* [Activity] Copy every record word for word. Pictures are not part of the copy.

=== Begin Enclosure ===

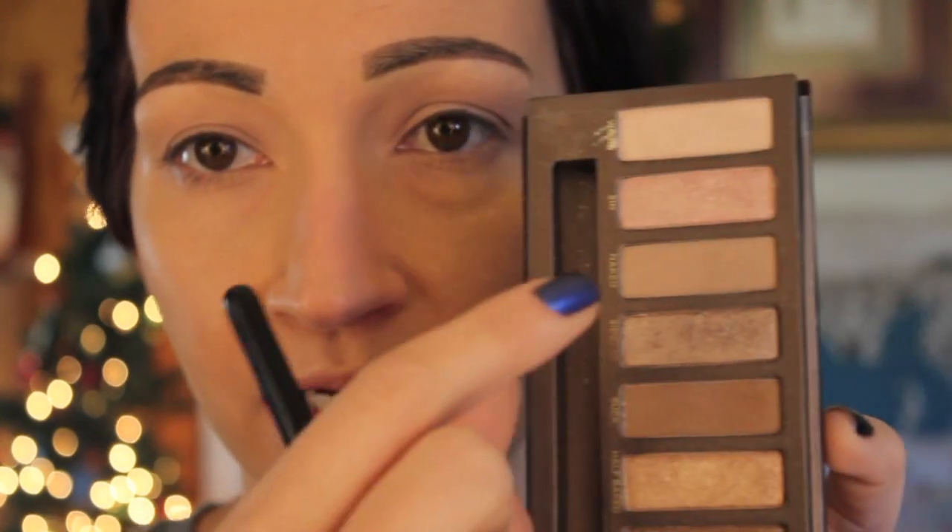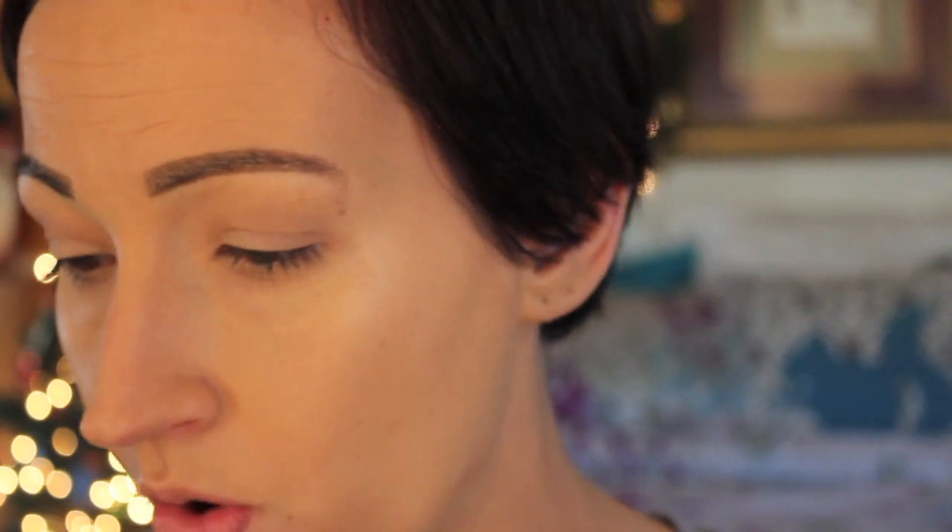I'll zoom in so you can see what I'm doing. I'm taking my Sigma E25 brush and the shade Naked from the Naked palette and putting that in my crease, concentrating on the outer part and blending it out. Next I'm taking Half Baked — this gorgeous gold shadow — on a Sigma E55 shader brush, keeping it on the inner third of my eye. I love this color, it is so gorgeous.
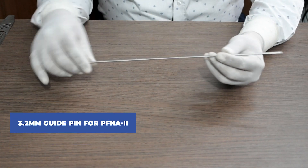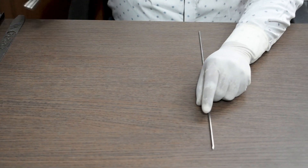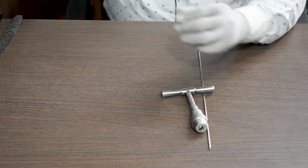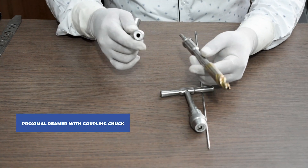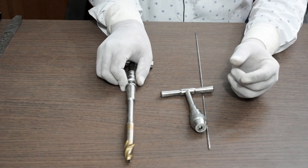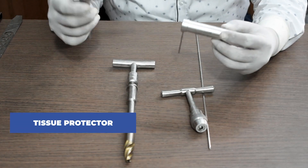This is the 3.2mm guide pin for PFN A2. This is a T-handle chuck with key. This is a proximal reamer with coupling chuck — you can fix the chuck here for a better grip while reaming. This is a tissue protector.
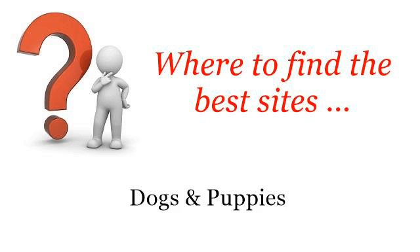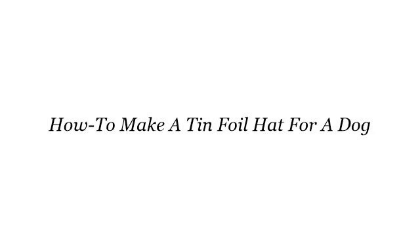Where to find the best sites? Dogs and puppies. Hi. The best internet resources about how to make a tinfoil hat for a dog. These are the best resources we could find on the web.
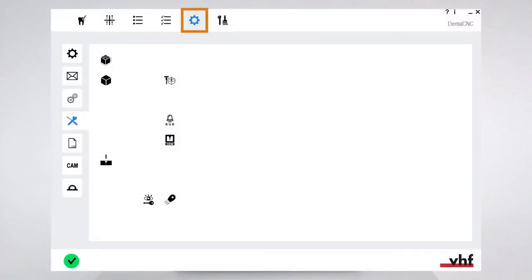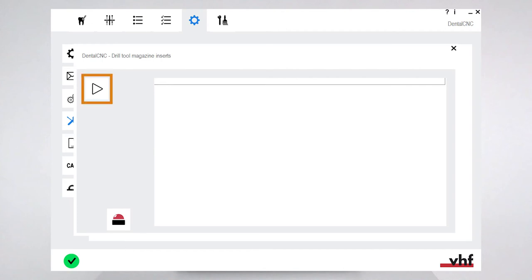Open the Dental CNC application settings and open the machine maintenance view. Select the function "drill tool magazine inserts" and start the drilling process.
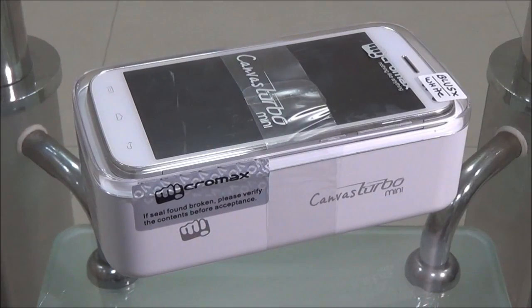Hello, this is Cookie from Cookie.in and you are watching the handset and gaming review of the Micromax Canvas Turbo Mini, also called the Micromax A200.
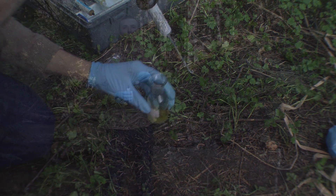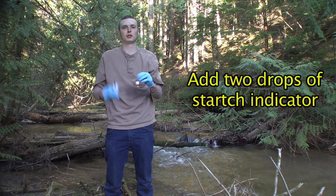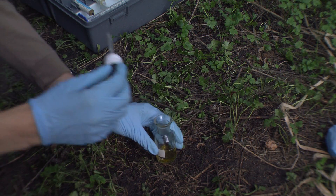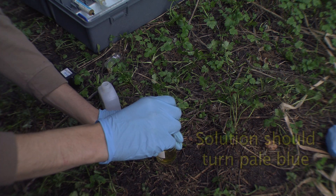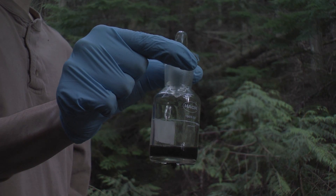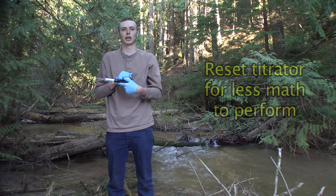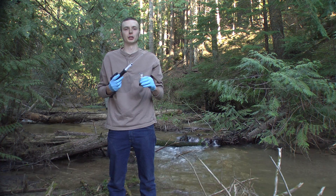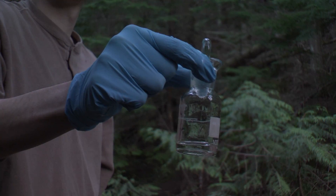Once your sample has turned to a pale yellow, you will want to add two drops of starch indicator to it. Your solution is going to turn to a pale blue-ish color. A nice trick is to reset your digital titrator at this point so that at the end you have less math to do. Keep adding the digital titration solution until your sample turns clear.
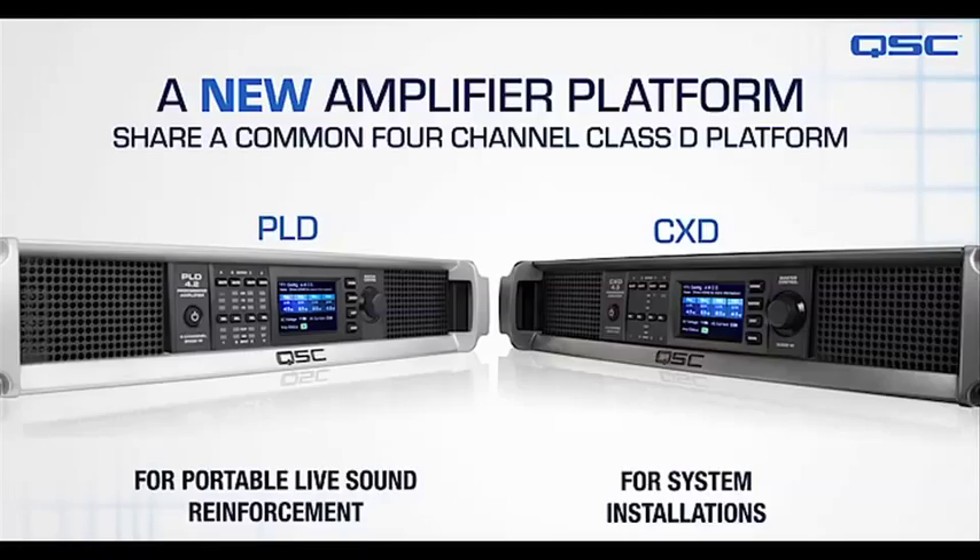We're very excited to introduce the PLD and the CXD families. There are three amplifiers in each family: the PLD 4.2, 4.3, and 4.5 with power up to 5,000 watts, and then the CXD 4.2, 4.3, and 4.5 also up to 5,000 watts.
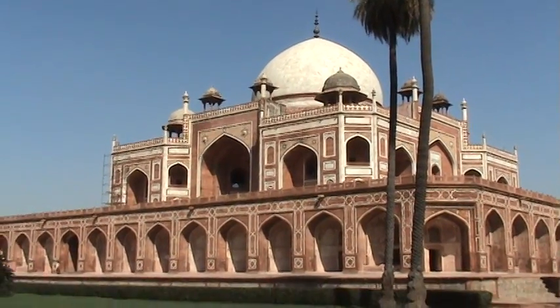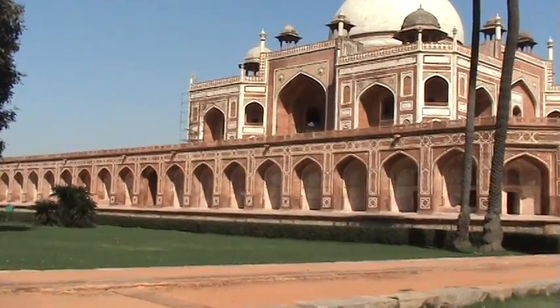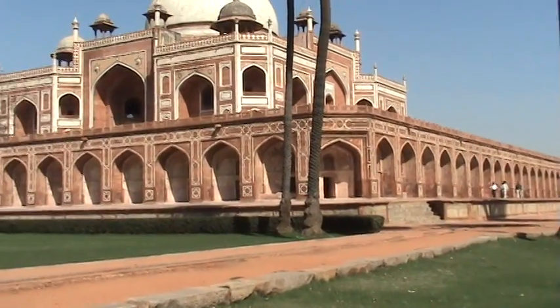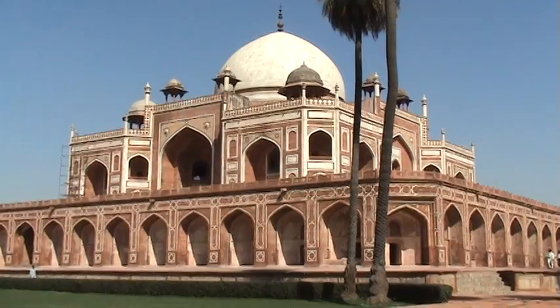We are now at Humayun's Tomb, the tomb of the second Mughal Emperor. This building is also called the forerunner to the Taj Mahal in Agra. The Taj Mahal was built by an emperor in memory of his beloved wife, while this was built by a queen in memory of her husband.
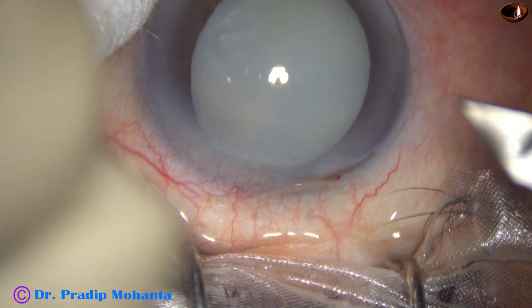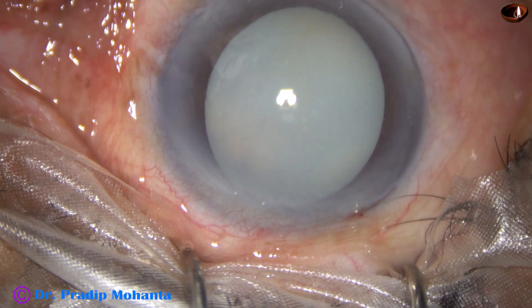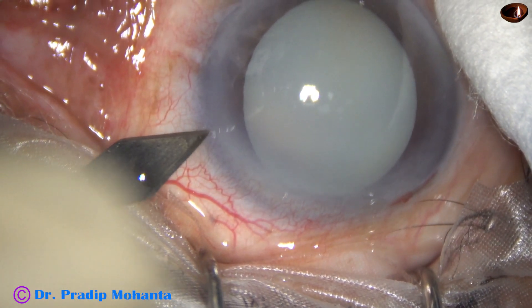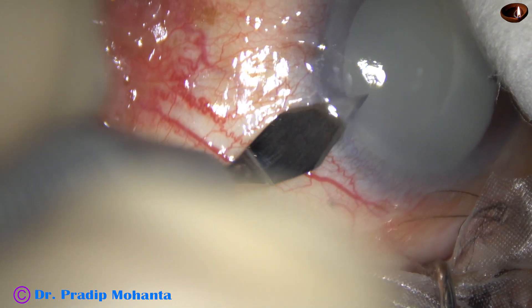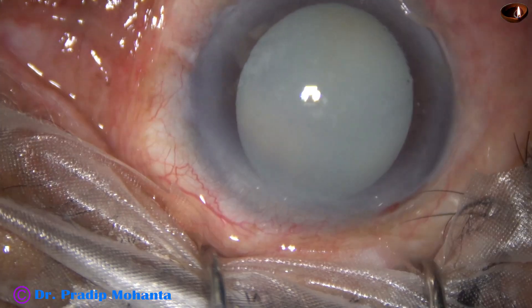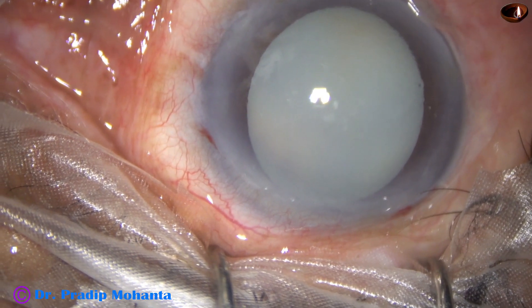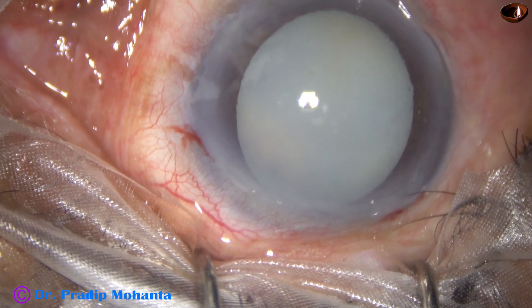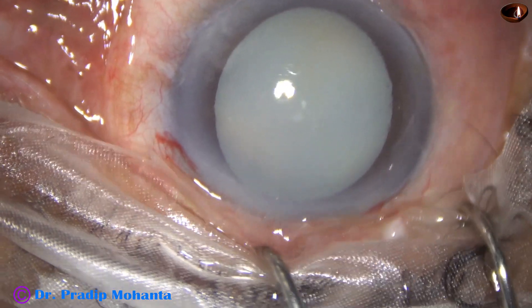As you can see, this is a hypermature Morgagnian cataract. The main incision has been made, this is the side port, and now the anterior capsule will be stained with dry pine blue dye.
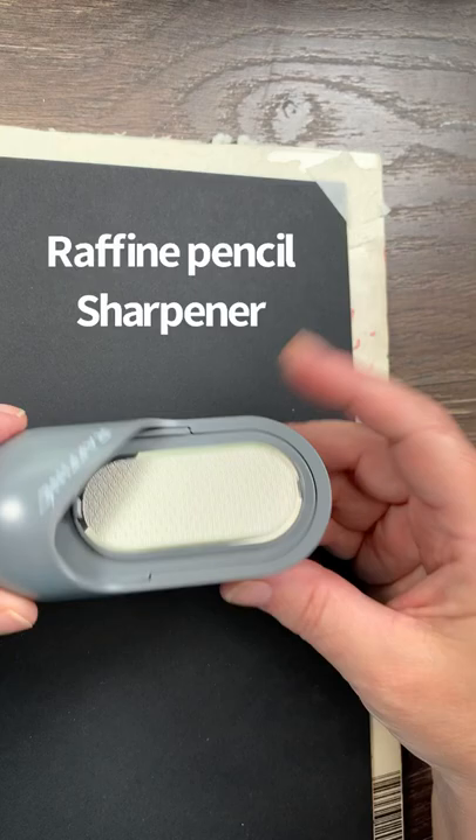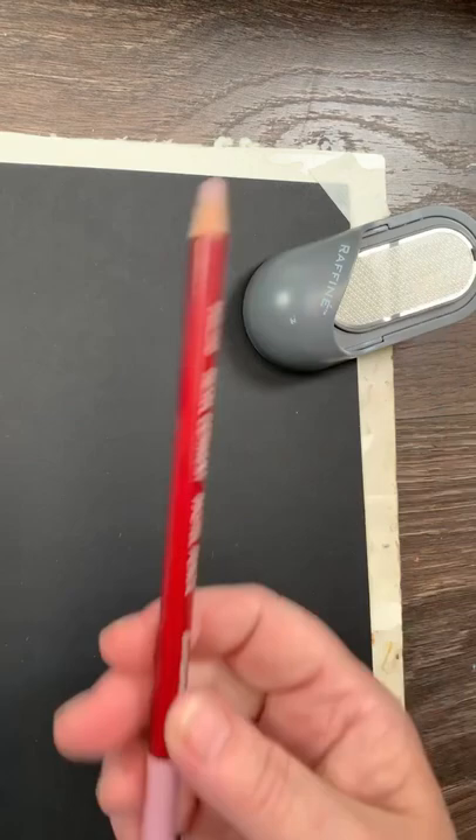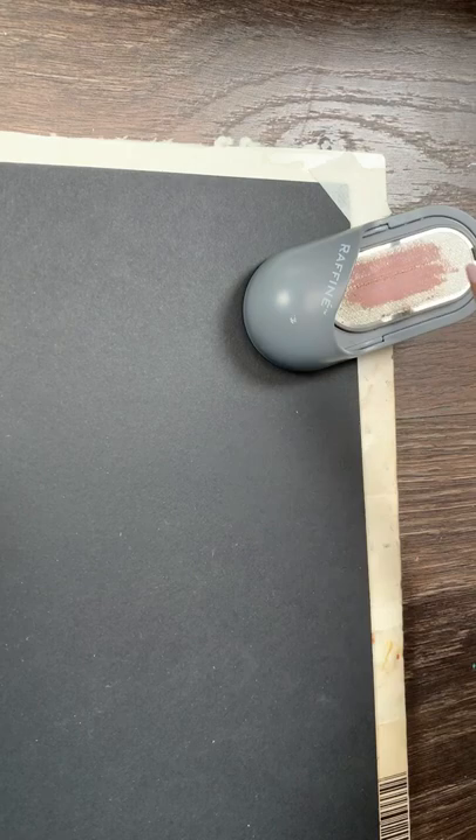I found this handy little sharpener by Raffine. It's less than $4. You can hook it right to the side of your artwork as you're working. It has a nice little metal file and a little cup to catch any shavings. I use it for pastel pencils, but you most certainly can use it for any other type of pencils.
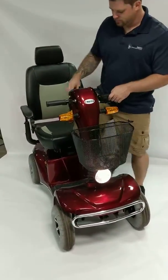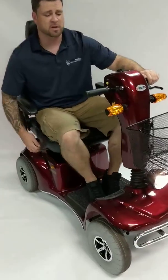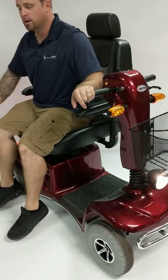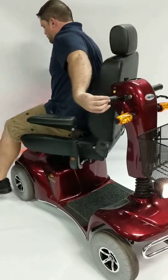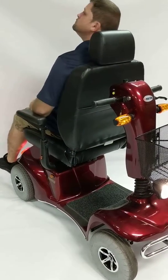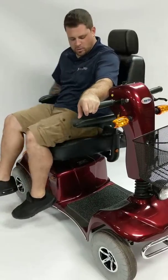On the back side of the scooter, I just want to show you this for transferring purposes. I can transfer and get off the scooter this way. Or I can sit back, enjoy the sun. You can swing all the way around.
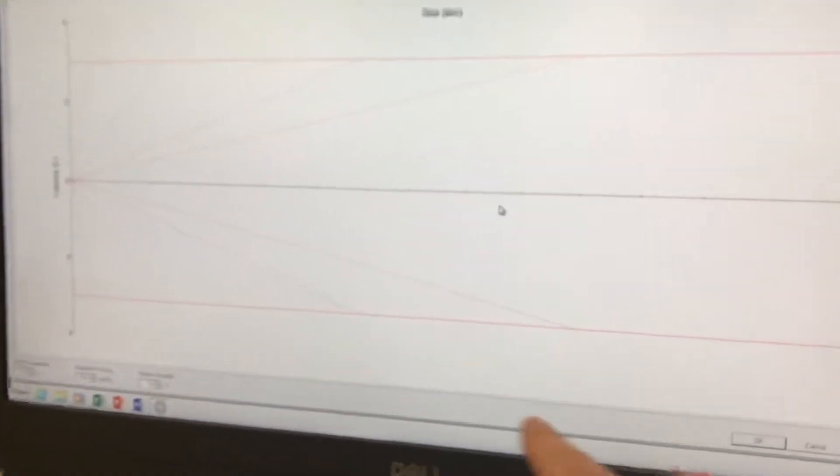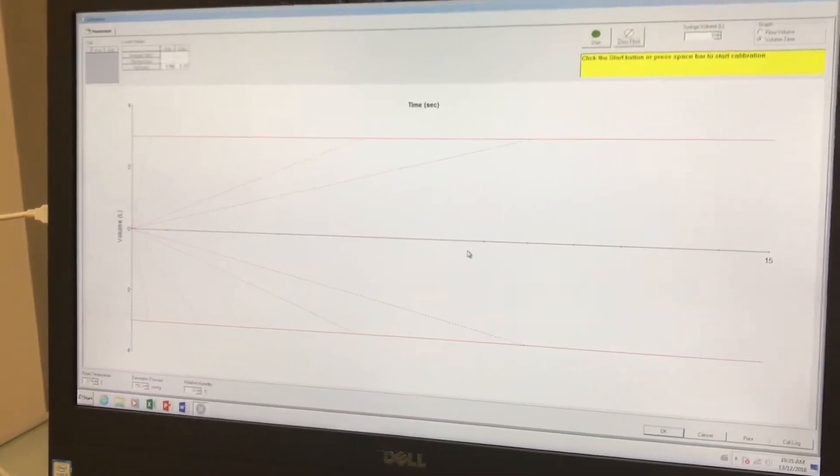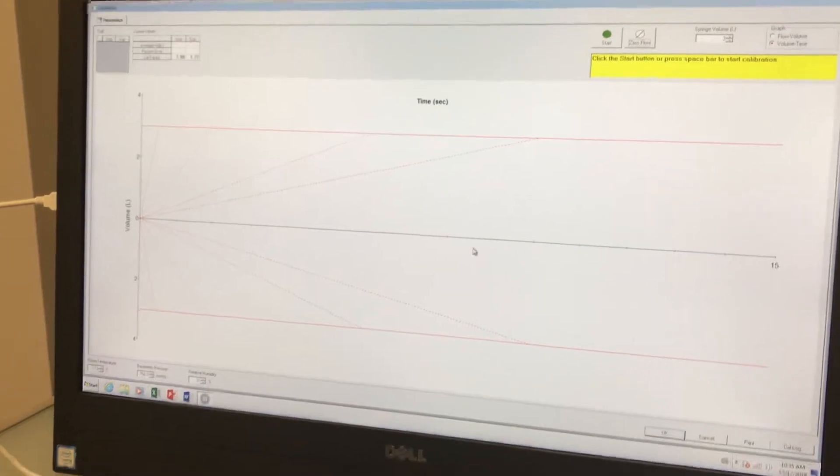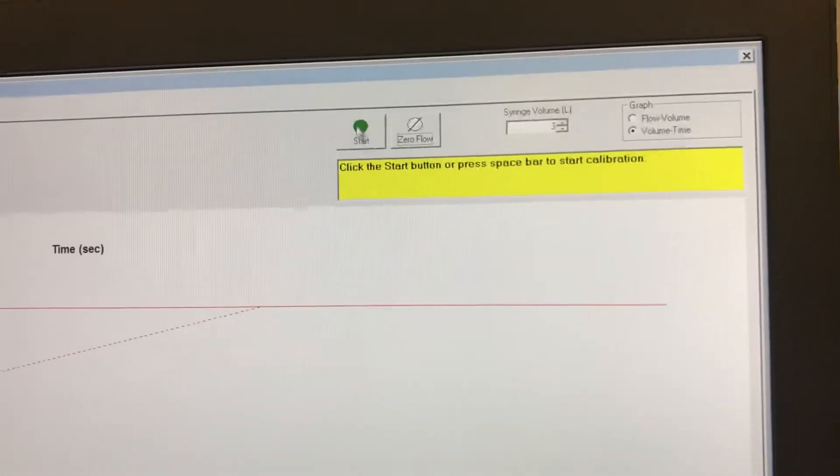This area down here is where you're going to find the instructions for when to withdraw and when to inject. Ensure that the syringe plunger is all the way in before you start, and now you can click on the start button.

=== End Enclosure ===

* [Written solution]
I'll zoom in so you can see what I'm doing. I'm taking my Sigma E25 brush and the shade Naked from the Naked palette and putting that in my crease, concentrating on the outer part and blending it out. Next I'm taking Half Baked — this gorgeous gold shadow — on a Sigma E55 shader brush, keeping it on the inner third of my eye. I love this color, it is so gorgeous.
This is the 3.2mm guide pin for PFN A2. This is a T-handle chuck with key. This is a proximal reamer with coupling chuck — you can fix the chuck here for a better grip while reaming. This is a tissue protector.
Where to find the best sites? Dogs and puppies. Hi. The best internet resources about how to make a tinfoil hat for a dog. These are the best resources we could find on the web.
Open the Dental CNC application settings and open the machine maintenance view. Select the function "drill tool magazine inserts" and start the drilling process.
Hello, this is Cookie from Cookie.in and you are watching the handset and gaming review of the Micromax Canvas Turbo Mini, also called the Micromax A200.
Once your sample has turned to a pale yellow, you will want to add two drops of starch indicator to it. Your solution is going to turn to a pale blue-ish color. A nice trick is to reset your digital titrator at this point so that at the end you have less math to do. Keep adding the digital titration solution until your sample turns clear.
We're very excited to introduce the PLD and the CXD families. There are three amplifiers in each family: the PLD 4.2, 4.3, and 4.5 with power up to 5,000 watts, and then the CXD 4.2, 4.3, and 4.5 also up to 5,000 watts.
We are now at Humayun's Tomb, the tomb of the second Mughal Emperor. This building is also called the forerunner to the Taj Mahal in Agra. The Taj Mahal was built by an emperor in memory of his beloved wife, while this was built by a queen in memory of her husband.
As you can see, this is a hypermature Morgagnian cataract. The main incision has been made, this is the side port, and now the anterior capsule will be stained with dry pine blue dye.
I found this handy little sharpener by Raffine. It's less than $4. You can hook it right to the side of your artwork as you're working. It has a nice little metal file and a little cup to catch any shavings. I use it for pastel pencils, but you most certainly can use it for any other type of pencils.
On the back side of the scooter, I just want to show you this for transferring purposes. I can transfer and get off the scooter this way. Or I can sit back, enjoy the sun. You can swing all the way around.
This area down here is where you're going to find the instructions for when to withdraw and when to inject. Ensure that the syringe plunger is all the way in before you start, and now you can click on the start button.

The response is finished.